Alexandertorte is a Latvian dessert consisting of pastry strips filled with raspberry preserves or raspberry jam, it is traditionally eaten as a lunch or dinner dessert, but it can also be served at tea. It should be made a day or so before it is planned to serve, because the icing must be hard before the torte is cut.
- 1 cup sugar
- 1 teaspoon vanilla extract, optional
- 3 cups flour
- ½ teaspoon salt
- 2 cups unsalted butter
- 1 cup seedless raspberry jam
- 3 tablespoons lemon juice
- 2 cups icing sugar (powdered sugar)
- Measure flour, sugar, salt (and vanilla, if using) into a large bowl. Cut in butter and knead until well blended and dough holds together. Divide dough into three very equal parts. Wrap in plastic and refrigerate overnight.
- Let dough stand at room temperature (for easier rolling). Preheat oven to 180°C. Roll out each part between two sheets of wax paper into the size of your cookie pan (e.g. 10" x 15" or 25 cm x 40 cm ). Remove top paper. With bottom paper, pull dough onto the pan. Bake for 10 - 12 minutes until golden yellow but not brown. Watch it carefully, as it burns easily.

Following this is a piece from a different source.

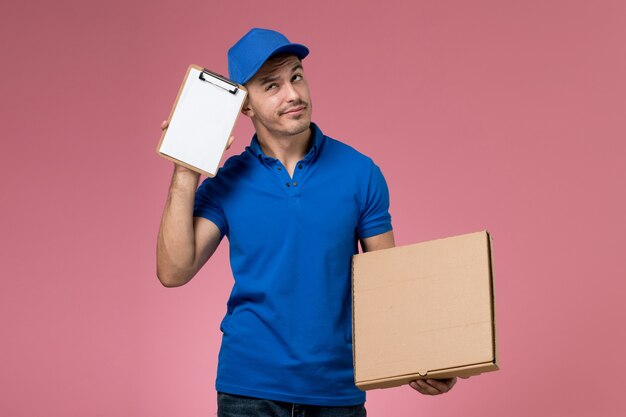 Mensajero masculino en uniforme azul con caja de comida de entrega y bloc de notas en rosa, servicio de trabajador de trabajo uniforme entrega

- Remove from oven. Let cool for 2 minutes. Place a pastry board over the pan and turn over, releasing the pastry. Peel off paper. Spread pastry layer with half of the jam. With the help of another board of cookie sheet, carefully slide the second layer on top of the first. Spread with the rest of the jam. Finally, bake the third layer and repeat the procedure.
- Mix icing sugar with lemon juice. Spread icing over the cake in a thin layer. Let cool completely. Cut in small rectangles about 4 cm by 8 cm and serve with good, strong coffee.
- Alexandertorte, also known as Alexander Torte or Aleksander Torte (Latvian: Aleksandra kūka, Aleksandra torte), is a dessert that was conceived to commemorate a visit of Tsar Alexander III in Riga. Today, Riga is the capital of Latvia.
- A similar dessert exists in Denmark, and is known as hindbærsnitte. In the German language area, a torte of the same name exists that has almonds and wineberries as the main ingredients.
- A Finnish version of the dessert called Aleksanterinleivos commemorates Tsar Alexander I of Russia and has been produced since 1818.